Auditors lay the blame squarely on The Road Home’s administration, and they call for immediate reforms and improved oversight at Rio Grande and also at The Road Home’s Midvale family shelter and Palmer Court, The Road Home-operated housing complex in Salt Lake City.
Responding to the audit, The Road Home officials say they are updating their policies and will work with auditors. They insist they are screening people and not tolerating drug use, but they acknowledge it’s happening.
That response was unconvincing to Salt Lake County Mayor Ben McAdams, who called it “unacceptable,” and to House Speaker Greg Hughes, who said, “That kind of random enforcement makes no sense to me.”
McAdams and Hughes are right. The Road Home has tolerated too much for too long, and now its credibility is at stake. It has to do better starting right now.

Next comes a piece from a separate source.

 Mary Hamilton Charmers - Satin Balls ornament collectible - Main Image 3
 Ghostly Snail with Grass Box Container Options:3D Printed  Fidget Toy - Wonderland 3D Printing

But before we all rise in moral indignation, there is one important thing to remember: The Road Home goes where no one else will.
The Road Home is what is called a low-barrier-to-entry shelter. It’s based on the core compassion of helping people who aren’t providing for themselves. This includes alcoholics, drug addicts, the mentally ill and others who are not ready or able to turn their lives around, and may never be. They use illegal drugs to blunt their pains, and they have little to lose if they try to sneak their fixes into the shelter.
But we still need to try to put a roof over their heads.
Much has been made by McAdams, Hughes and others about how the new, smaller shelters will have a different approach than Rio Grande. Residents will have more services and support, but they’ll have to comply with more rules and show progress (the higher barrier to entry).
That is exactly the right approach for many homeless people, but not much has been said about what happens to the low-barrier population when the Rio Grande shelter closes in a year. They won’t just disappear.
The audit makes very clear that The Road Home needs to change, and time is running out for it to repair the damage before state and local leaders give up on the shelter. But if The Road Home goes away, its clientele still will be among us. We can’t audit our way out of that.